▸ **Source material**
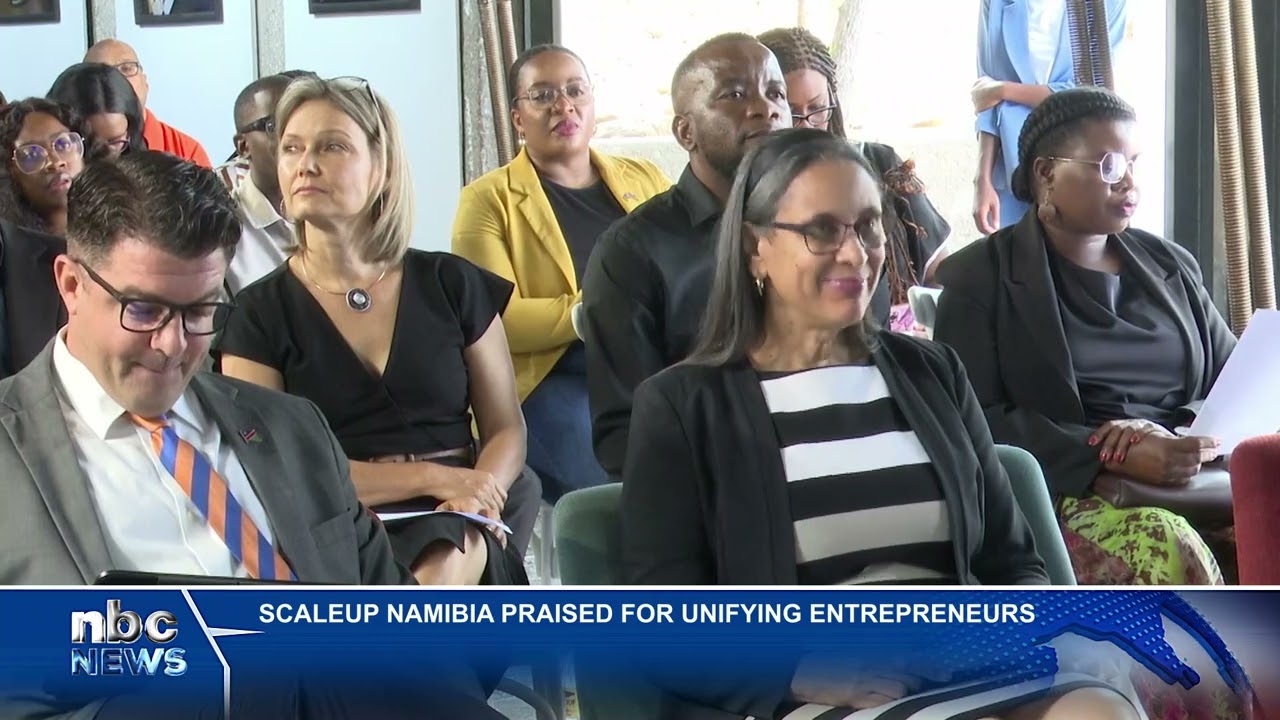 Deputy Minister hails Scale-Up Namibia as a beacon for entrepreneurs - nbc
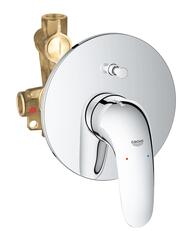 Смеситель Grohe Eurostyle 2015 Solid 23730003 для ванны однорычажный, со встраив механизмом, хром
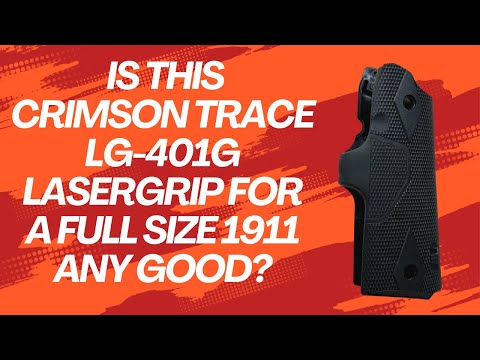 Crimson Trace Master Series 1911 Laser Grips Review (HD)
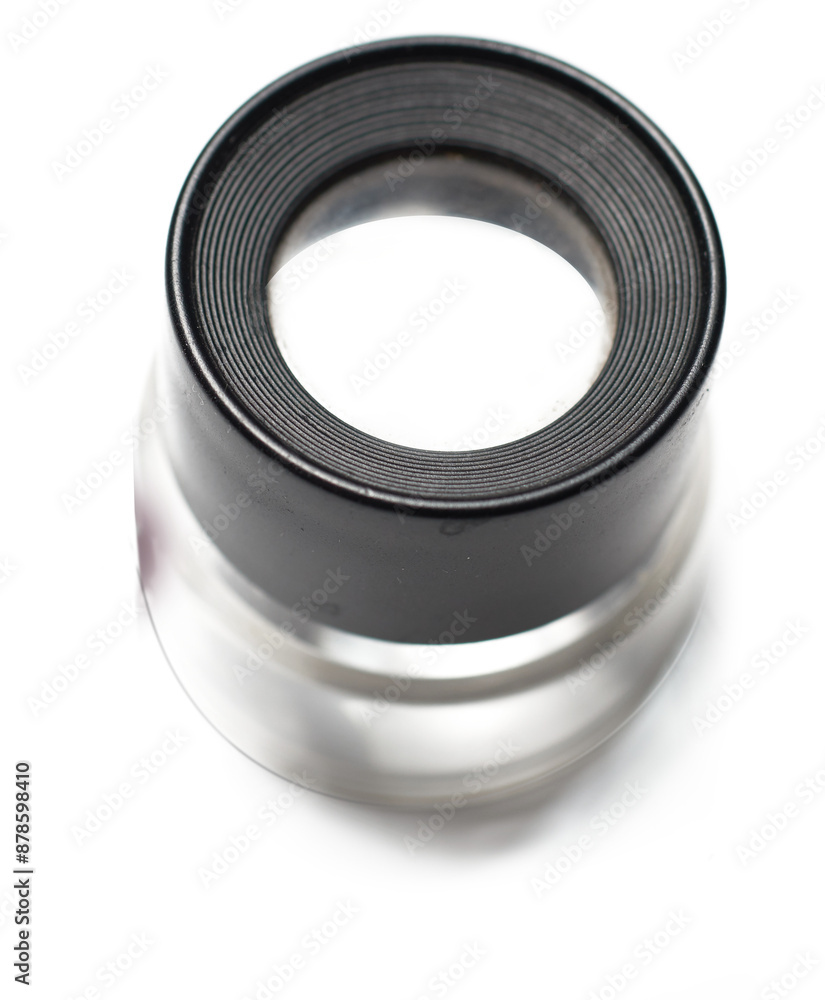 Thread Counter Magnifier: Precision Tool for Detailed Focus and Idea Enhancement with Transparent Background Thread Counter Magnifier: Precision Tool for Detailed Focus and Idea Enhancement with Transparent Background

▸ **Problem description**
Starting at the line above that has "Смеситель Grohe Eurostyle" and ending at the line that has "Crimson Trace Master", copy each line exactly, leaving the pictures out and adding nothing.

▸ **Exercise result**
 Смеситель Grohe Eurostyle 2015 Solid 23730003 для ванны однорычажный, со встраив механизмом, хром
 Crimson Trace Master Series 1911 Laser Grips Review (HD)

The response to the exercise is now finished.